Remember this amazing quote –
“If you love a flower, don’t pick it up.
Because if you pick it up it dies and it ceases to be what you love.
So if you love a flower, let it be.
Love is not about possession.
Love is about appreciation.” – Osho
Remember to trust and nurture your flower.
Enjoy Your Independence
Although you are in a relationship, you are much more independent than the average couple.
This shouldn’t make you upset!
You get the best of both worlds as you have the love and support of your partner, and get to be 100% independent and in control of your time.
Learn to love your own company. Take yourself out to dinner, movies, hang out with your girlfriends. Anything!
Rediscover who you are, maybe even take up a hobby.
If taken advantage of, this is a great opportunity for you!
Also, make sure you encourage your partner to enjoy their independence as well. Encourage them to go out with friends, try something new, and better themselves constantly, even if you’re not there to share in the experience.

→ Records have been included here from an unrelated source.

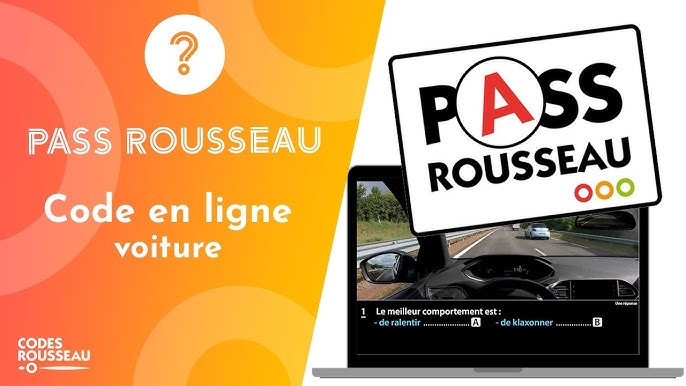 Pass Rousseau permis Voiture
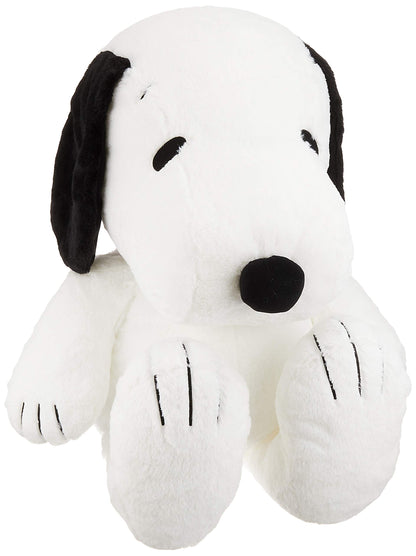 Nakajima Corporation Plush Doll Hug Snoopy Black 2L Japanese Snoopy Plush Doll- Japan Figure Store - #1 Bring To You The Best Japanese Goods
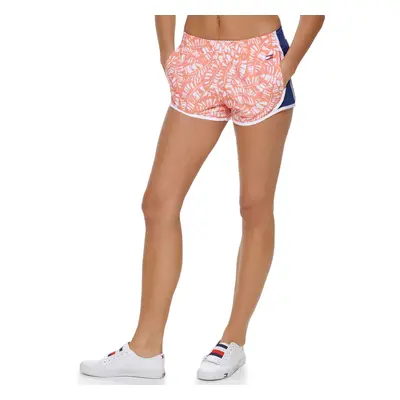 Tommy Hilfiger Women's Everyday High Rise Boy Shorts Fushion Peach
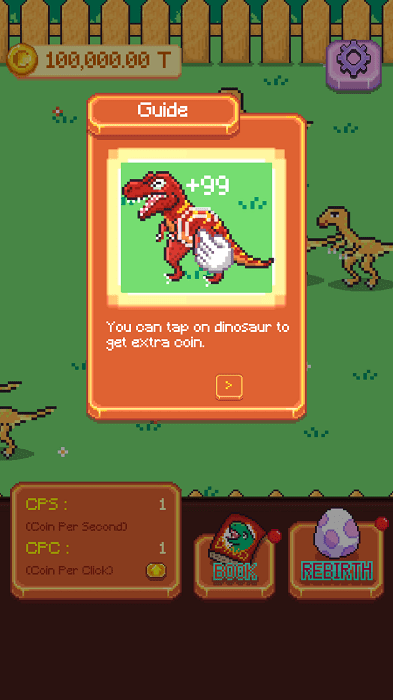 Pixel Dinosaur Collection手游图2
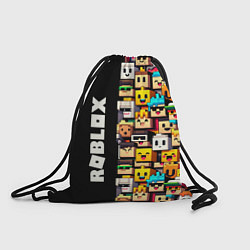 Рюкзак-мешок Roblox - game, цвет: 3D-принт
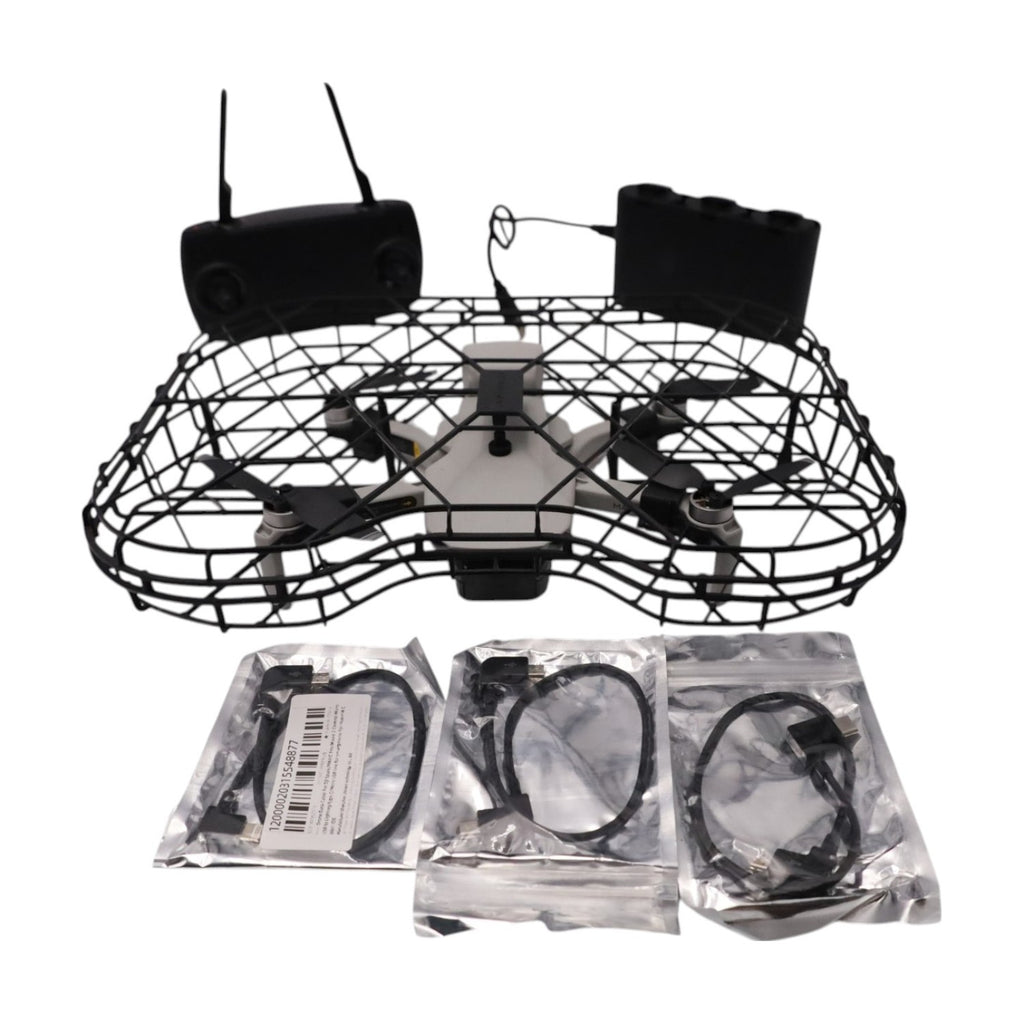 DJI Mavic Mini Drohne 3-Achsen-Gimbal 12 MP HD-Video 2,7 K  Grau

Make Seeing Each Other A Priority
Depending on just how far away you are, this one will vary.
But that is no excuse for not visiting each other. (Unless, again, one is deployed).
Even if you can only see each other once every six months, make it a priority and plan ahead.
Just knowing that you will see each other soon will give both of you a burst of joy and excitement that will help rekindle your love.
You know that feeling you get when you’re planning a vacation? The butterflies the second you book the flight until you actually get on the plane?! That’s what you both will be experiencing as you count down the days to see each other.
You can’t be physically intimate because of the distance, but that shouldn’t stop you from opening up to your partner.
Be raw and real with them. Let them know what’s going on in your life, every little detail.
Try and open yourself up completely!
Being open and vulnerable with a person gives new depth to a relationship making it that more special.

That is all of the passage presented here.